While the molecular networks regulating adipocyte differentiation have been relatively well described7, the mechanism of adipocyte identity loss remains not understood6. PPARγ, a key adipogenic transcription factor which is sufficient and required to drive adipocyte differentiation8,9 is known to be critical for maintaining adipocyte functions such as insulin sensitivity10,11. However, on its own the loss of PPARγ expression in mature adipocytes is insufficient to cause a reversal to another cell state in an in vitro model12. In vivo induced PPARγ loss specifically in adipocytes results in cell death10,11,13. The reasons for the discrepancy between the in vitro and in vivo effects of PPARγ loss are not well understood.
One of the main limitations in understanding the molecular mechanisms of adipocyte plasticity is the current lack of appropriate in vitro models capable of reliable identification of a switch from adipocytes into other cell states at the single-cell level, in a manner comparable to the golden standard of lineage tracing used in vivo6. The use of bulk methods carries the risk of experimental artifacts resulting from contamination from other cellular sources, such as undifferentiated cells.

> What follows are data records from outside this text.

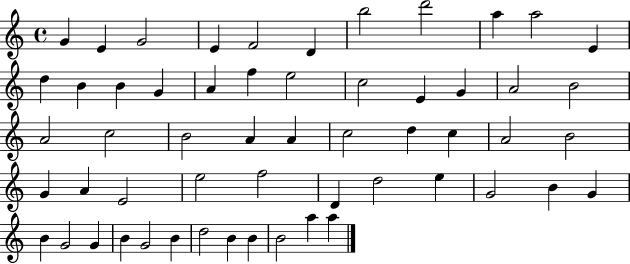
{
  \clef treble
  \time 4/4
  \defaultTimeSignature
  \key c \major
  g'4 e'4 g'2 | e'4 f'2 d'4 | b''2 d'''2 | a''4 a''2 e'4 | \break d''4 b'4 b'4 g'4 | a'4 f''4 e''2 | c''2 e'4 g'4 | a'2 b'2 | \break a'2 c''2 | b'2 a'4 a'4 | c''2 d''4 c''4 | a'2 b'2 | \break g'4 a'4 e'2 | e''2 f''2 | d'4 d''2 e''4 | g'2 b'4 g'4 | \break b'4 g'2 g'4 | b'4 g'2 b'4 | d''2 b'4 b'4 | b'2 a''4 a''4 | \break \bar "|."
}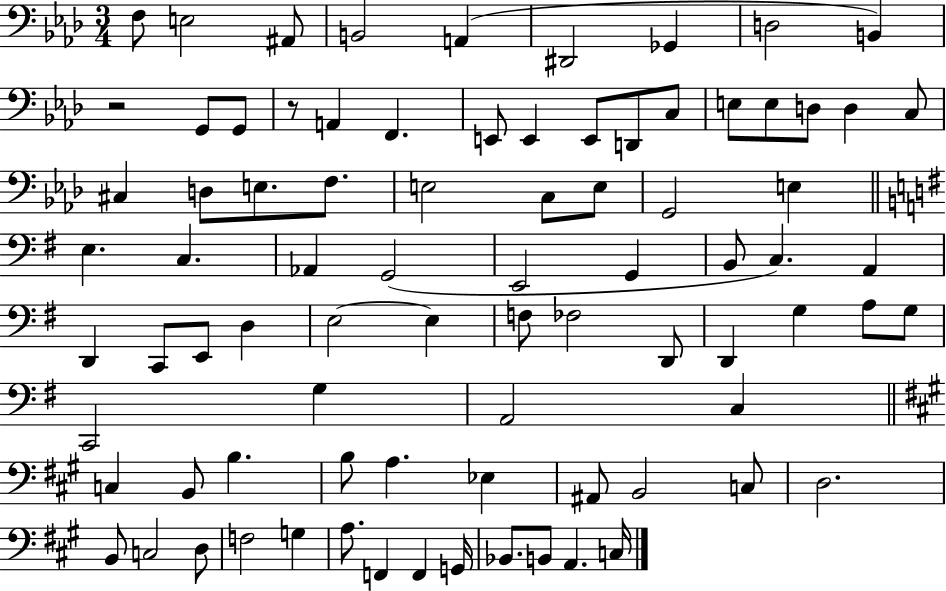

Here we present two complementary single-cell approaches which allow for robust quantitative tracking of adipocyte identity loss at the single-cell level. Using these approaches, we investigated the dynamics of adipocyte identity loss following the stimulation with TGF-β, a potent profibrotic cytokine14 which was previously linked with adipocyte state loss in a model of dermal fibrosis6. We show that high expression of PPARγ in adipocytes is linked with the inhibition of the intracellular TGF-β signaling in the presence of the TGF-β cytokine. However, TGF-β can lead to adipocyte state loss when it is present simultaneously with another stimulus, which appears to be linked with cell pulling or changes in cell adhesion. Together, these findings establish that an integration of stimuli occurring in a specific order is required to drive adipocyte state loss which underlies adipocyte plasticity. Our findings shed light on the discrepancies between in vitro and in vivo studies on adipocyte state loss, and implicate mechanical stimuli as possibly mediating adipocyte plasticity.
Results
TGF-β stimulation by itself does not lead to the loss of adipocyte state in vitro
First, in order to quantitatively study adipocyte state loss we adapted the lineage tracing, a technique widely used for determining that a particular cell belongs to adipocyte lineage in vivo15, for in vitro use. In short, we used cells derived from either of two transgenic mouse models: Adipoq:Cre mT/mG and Adipoq:Cre nT/nG. In both these models the adipocyte-specific adiponectin promoter drives the expression of Cre recombinase, which causes an irreversible switch from red (Tomato) to green (GFP) fluorescence specifically in adipocytes (Fig. 1a). Adiponectin has been shown to be the most reliable marker for lineage tracing of mature adipocytes because its expression does not label adipose progenitor cells or other non-adipogenic populations present in the fat pad15. Fluorescent protein expression can be either localized to cell membrane (in the Adipoq:Cre mT/mG model) or to the nucleus (in the Adipoq:Cre nT/nG model), allowing to detect cells derived from adipocytes under various conditions, such as varying levels of cell confluence. First, to obtain primary adipocytes, we followed established protocols16 to isolate the preadipocyte-containing stromal vascular fraction (SVF) from subcutaneous inguinal fat pads of Adipoq:Cre mT/mG and Adipoq:Cre nT/nG mice and subjected it to an adipogenic differentiation protocol ex vivo. Over time we observed the expected switch in fluorescence from red (Tomato) to green (GFP) in a fraction of SVF cells. Furthermore, the GFP-positive cells were characterized by the co-expression of adipocyte markers PPARγ and C\EBPα, confirming that the GFP-positive cells were adipocytes (Supplementary Fig. S1 online). At the end of the differentiation protocol cells were subjected to TGF-β treatment for up to six days and analyzed for GFP, PPARγ and C\EBPα expression using immunofluorescent staining (Fig. 1b). To our surprise, virtually all GFP-positive cells maintained high expression of adipocyte markers PPARγ and C\EBPα throughout six days of analysis, irrespective of TGF-β treatment (Fig. 1c,d), suggesting that TGF-β does not induce adipocyte plasticity in this cell model under standard conditions, contrary to previous reports using differentiated human adipose tissue-derived progenitor cells (ADSCs)6. Of note, we observed progressive decrease in the total number of GFP-positive cells under TGF-β treatment but not in control conditions, suggesting adipocyte loss due to TGF-β-induced apoptosis (Supplementary Fig. S2 online).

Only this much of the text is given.